Anyway tonight I listened to the first disc of an eight CDr set by Malaysian electronicist Goh Lee Kwang entitled Wiring my ear to the ground. I ordered these on a whim, simply because sometimes that is the best way to discover new music, and I remember next to nothing about the releases apart from the vague memory that they might all have been recorded as part of one very long concert or installation, or something… Actually though, at this stage I quite like not knowing much about what I am hearing or from where it originated. Lee, if you read this, as I suspect you might, as I plan to listen to one of these on each of the next eight days can I ask you to not respond until a little later in the week?
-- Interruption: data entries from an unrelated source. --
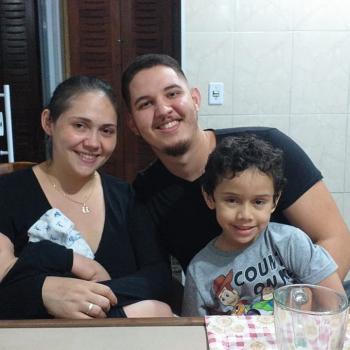 Emprego de babá em Guarujá: emprego de babá Jonas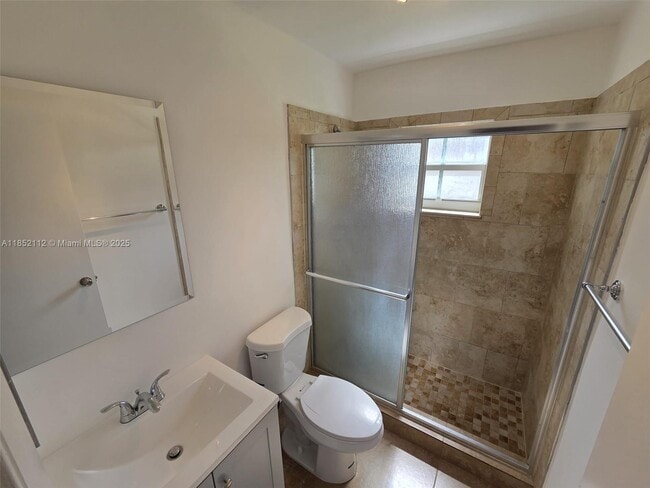 Building Photo - 9430 S Meadows Cir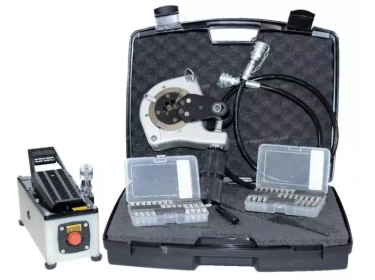 Outillage Outillage à main Sertissage HYDRAULIQUE CDE PNEUMATIQUE |  |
Let me try and work out what this is all about on my own first!
So the eight discs contain little information other than what seems to be an additional title for each one. The titles are as follows, in no particular order:
Lift 0 Ancient Rain
ph1
Ground/ From the corner of the room 1
Hidden Note / From the corner of the room 2 Padi
From the corner of the room 3
ph2
Lift 1
Lowest Ground 3
Hmm, so the titles aren’t going to help much! Tonight I listened to the first on that list, Lift 0 Ancient Rain. The disc contains six tracks, all of which are very similar, obviously all derived from the same set of sound sources. There may only be the one sound being used actually, some kind of lo-fi caustic groan that then seems to be digitally treated, looped and layered in a live setting to create huge , aggressive clouds of dark, thunder-like roaring. The tracks all last different lengths, so we can forget the possibility that they are recordings of the same sound from different points in a room. In fact, although on first hearing very similar each piece is different, some building to huge climaxes, others just content to roar along at one level. Oddly they all just seem to stop, as if randomly halted, in the case of a couple of the tracks at really odd points just as the music is reaching a potential peak.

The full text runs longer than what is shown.